## Overfitting
**Underfit**: the curve/hypothesis function cannot fit the training set well
- Means the algorithm has **High bias** (pre-conception)

**Overfit**: the learned hypothesis may fit the training set well, but fail to generalize to new examples 
- The generated hypothesis has **High variance**

### Solutions
- Reduce number of features
    - Manually select or use selection algorithm
    - At the cost of throwing away some useful information
- Regularization: Keep all the features, but **reduce magnitude** of parameters $\theta_j$
    - Work well when we have lots of features, each of which contributes slightly (not largely) to predicting $y$
    
### Regularization
Use **penalty (Cost)** to make parameters small: Add penalty to the cost function
- Select a few target parameters $\theta$ or apply to all parameters
    - $min_\theta J(\theta) = \frac{1}{2m}\sum_{i=1}^m(h_{\theta}(x^{(i)})-y^{(i)})^2 + \lambda \sum_{j=1}^n \theta^2_j$
    - Do not penalize the $\theta_0$
- Use Regularization Parameter $\lambda$ to control the tradeoff between the underfitting and overfitting
    - Extremely large $\lambda$ will force all $\theta$ to become 0, which results in underfitting
    
#### Regularized Linear Regression
##### Regularize the gradient descent
Repeat{

$\theta_0 := \theta_0 - \alpha*\frac{1}{m}\sum_{i=1}^m[(h_{\theta}(x^{(i)})-y^{(i)})*x_0^{(i)}]$
    
$\theta_j := \theta_j - \alpha*\{\frac{1}{m}\sum_{i=1}^m[(h_{\theta}(x^{(i)})-y^{(i)})*x_j^{(i)}]+\frac{\lambda}{m}\theta_j\}$=$\theta_j(1-\alpha*\frac{\lambda}{m}\theta_j) - \alpha*\frac{1}{m}\sum_{i=1}^m[(h_{\theta}(x^{(i)})-y^{(i)})*x_j^{(i)}]$$, j \in {1, 2, ...,n}$

}

Observation: In addition to the regular reduction through gradient descent, the $\theta_j$ also **shrinks with the factor** $(1-\alpha*\frac{\lambda}{m}\theta_j)$

##### Regularize the Normal Equation
![W3-REG-LP-NE](Plots/W3-REG-LP-NE.png)
Observation: L is an identity matrix with size (n+1)*(n+1)
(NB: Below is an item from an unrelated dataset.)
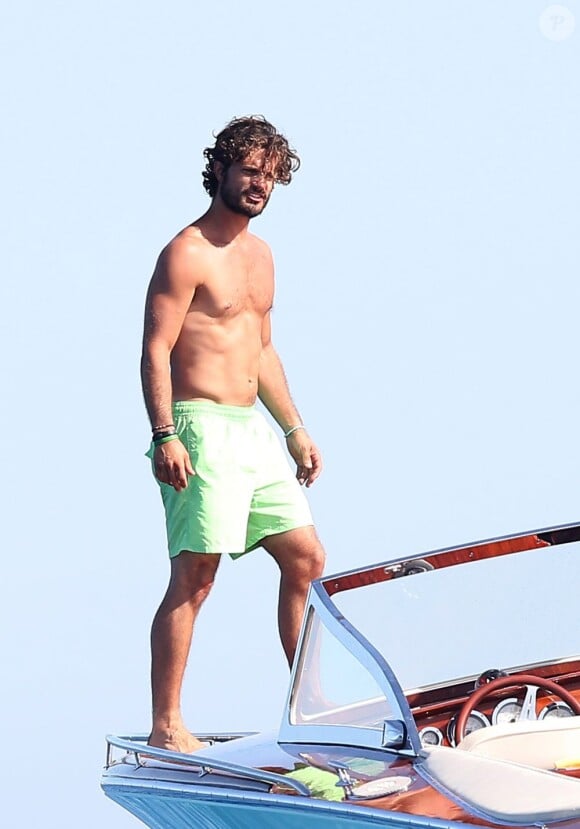 Le prince Carl Philip de Suède, 'playboy du gotha' de 34 ans, et sa compagne Sofia Hellqvist ont profité de la villa Mirage que possède le roi de Suède à Sainte-Maxime, dans le Var, pour passer début août 2013 quelques jours de vacances sur la Côte d'Azur avec des amis. Le 2 août, à l'occasion d'une sortie en mer à bord du Polaris, le prince a épaté la galerie avec ses plongeons, et échangé beaucoup de tendresse avec sa belle.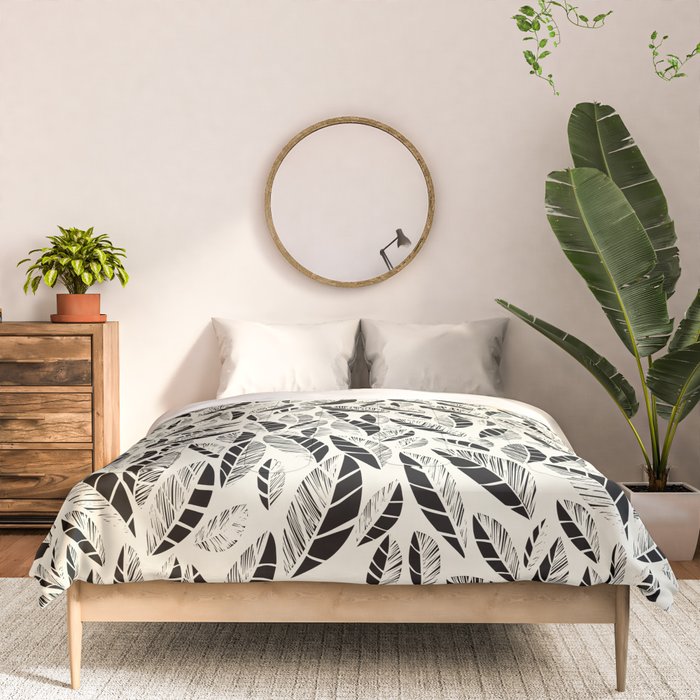 Wildlife Safari Laeves black ´n white Comforter Gallery Image 3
#### Regularized Logistic Regression
$J(\theta)=-\frac{1}{m}\sum^m_{i=1}[y^{(i)}log(h_{\theta}(x^{(i)})+(1-y^{(i)})log(1-h_{\theta}(x^{(i)}))]+\lambda \sum_{j=1}^n \theta^2_j$

##### Regularize the gradient descent
Repeat{

$\theta_0 := \theta_0 - \alpha*\frac{1}{m}\sum_{i=1}^m[(h_{\theta}(x^{(i)})-y^{(i)})*x_0^{(i)}]$
    
$\theta_j := \theta_j - \alpha*\{\frac{1}{m}\sum_{i=1}^m[(h_{\theta}(x^{(i)})-y^{(i)})*x_j^{(i)}]+\frac{\lambda}{m}\theta_j\}, j \in {1, 2, ...,n}$

}